### WORK INSTRUCTIONS
Although the entries contain pictures, the copy should hold only their exact text.

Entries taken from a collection
------

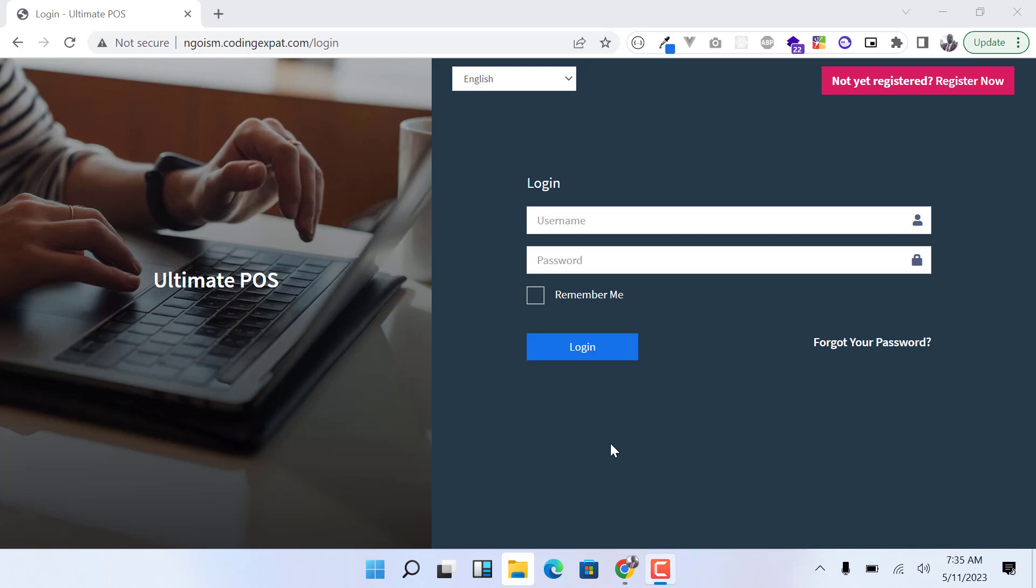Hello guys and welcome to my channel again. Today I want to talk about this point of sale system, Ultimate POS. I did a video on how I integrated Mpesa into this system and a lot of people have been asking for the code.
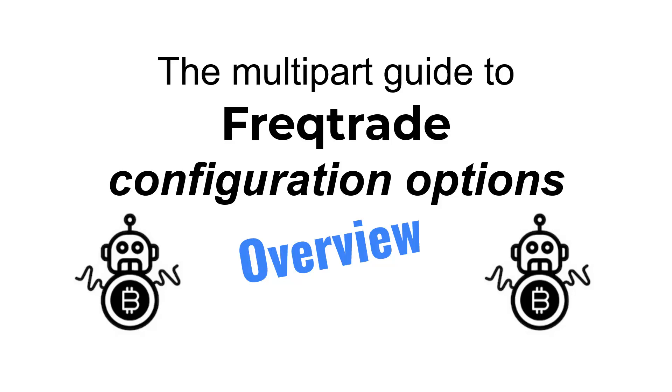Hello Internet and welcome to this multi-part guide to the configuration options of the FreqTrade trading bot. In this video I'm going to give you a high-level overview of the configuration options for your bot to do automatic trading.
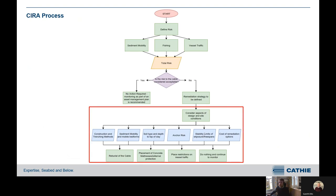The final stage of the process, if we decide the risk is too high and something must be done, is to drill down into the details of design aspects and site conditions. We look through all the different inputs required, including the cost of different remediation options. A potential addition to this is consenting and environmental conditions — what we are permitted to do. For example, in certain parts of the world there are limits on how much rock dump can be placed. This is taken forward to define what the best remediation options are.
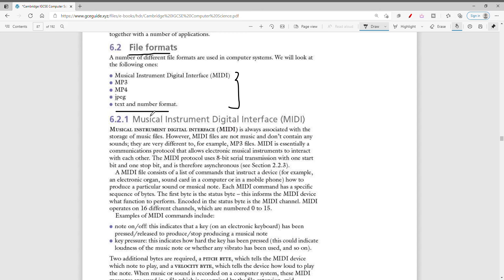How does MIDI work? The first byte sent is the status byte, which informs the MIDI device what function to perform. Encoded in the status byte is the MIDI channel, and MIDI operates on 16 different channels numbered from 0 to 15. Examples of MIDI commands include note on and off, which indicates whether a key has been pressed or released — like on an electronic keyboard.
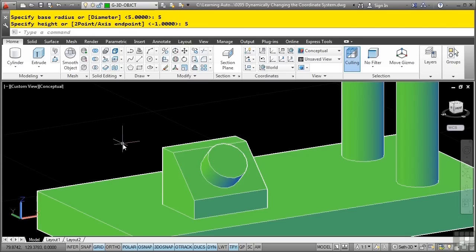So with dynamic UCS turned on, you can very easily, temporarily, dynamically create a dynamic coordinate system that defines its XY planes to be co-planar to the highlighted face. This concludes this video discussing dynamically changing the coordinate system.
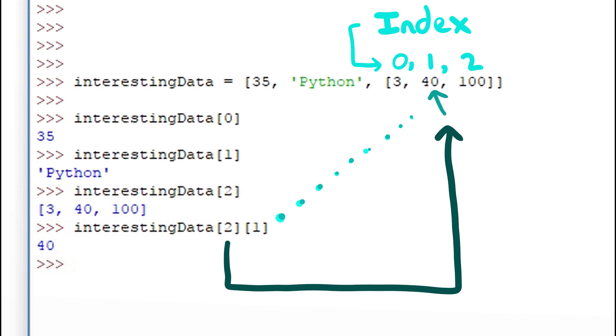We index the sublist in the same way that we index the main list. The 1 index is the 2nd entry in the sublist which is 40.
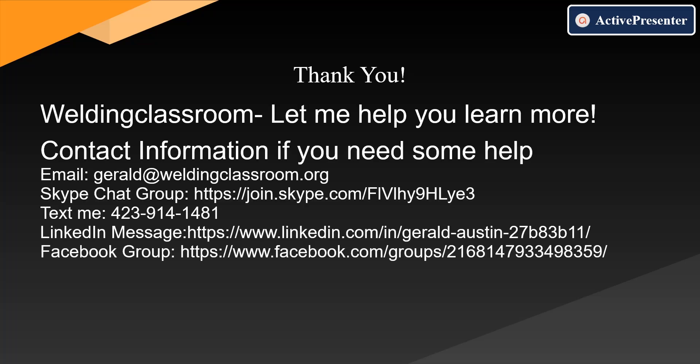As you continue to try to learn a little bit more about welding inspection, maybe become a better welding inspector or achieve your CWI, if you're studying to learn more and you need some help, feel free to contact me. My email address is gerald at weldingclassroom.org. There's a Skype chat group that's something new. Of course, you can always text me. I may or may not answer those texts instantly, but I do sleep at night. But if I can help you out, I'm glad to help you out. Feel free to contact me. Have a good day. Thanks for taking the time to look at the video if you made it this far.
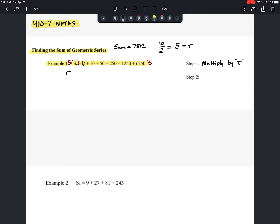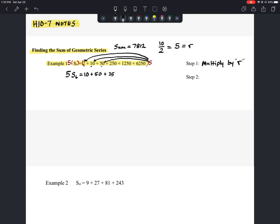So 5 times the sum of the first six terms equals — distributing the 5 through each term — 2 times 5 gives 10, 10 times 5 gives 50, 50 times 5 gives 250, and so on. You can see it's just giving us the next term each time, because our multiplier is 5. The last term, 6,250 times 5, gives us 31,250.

------

### TASK RESULT
Hello guys and welcome to my channel again. Today I want to talk about this point of sale system, Ultimate POS. I did a video on how I integrated Mpesa into this system and a lot of people have been asking for the code.
Hello Internet and welcome to this multi-part guide to the configuration options of the FreqTrade trading bot. In this video I'm going to give you a high-level overview of the configuration options for your bot to do automatic trading.
The final stage of the process, if we decide the risk is too high and something must be done, is to drill down into the details of design aspects and site conditions. We look through all the different inputs required, including the cost of different remediation options. A potential addition to this is consenting and environmental conditions — what we are permitted to do. For example, in certain parts of the world there are limits on how much rock dump can be placed. This is taken forward to define what the best remediation options are.
How does MIDI work? The first byte sent is the status byte, which informs the MIDI device what function to perform. Encoded in the status byte is the MIDI channel, and MIDI operates on 16 different channels numbered from 0 to 15. Examples of MIDI commands include note on and off, which indicates whether a key has been pressed or released — like on an electronic keyboard.
So with dynamic UCS turned on, you can very easily, temporarily, dynamically create a dynamic coordinate system that defines its XY planes to be co-planar to the highlighted face. This concludes this video discussing dynamically changing the coordinate system.
We index the sublist in the same way that we index the main list. The 1 index is the 2nd entry in the sublist which is 40.
As you continue to try to learn a little bit more about welding inspection, maybe become a better welding inspector or achieve your CWI, if you're studying to learn more and you need some help, feel free to contact me. My email address is gerald at weldingclassroom.org. There's a Skype chat group that's something new. Of course, you can always text me. I may or may not answer those texts instantly, but I do sleep at night. But if I can help you out, I'm glad to help you out. Feel free to contact me. Have a good day. Thanks for taking the time to look at the video if you made it this far.
So 5 times the sum of the first six terms equals — distributing the 5 through each term — 2 times 5 gives 10, 10 times 5 gives 50, 50 times 5 gives 250, and so on. You can see it's just giving us the next term each time, because our multiplier is 5. The last term, 6,250 times 5, gives us 31,250.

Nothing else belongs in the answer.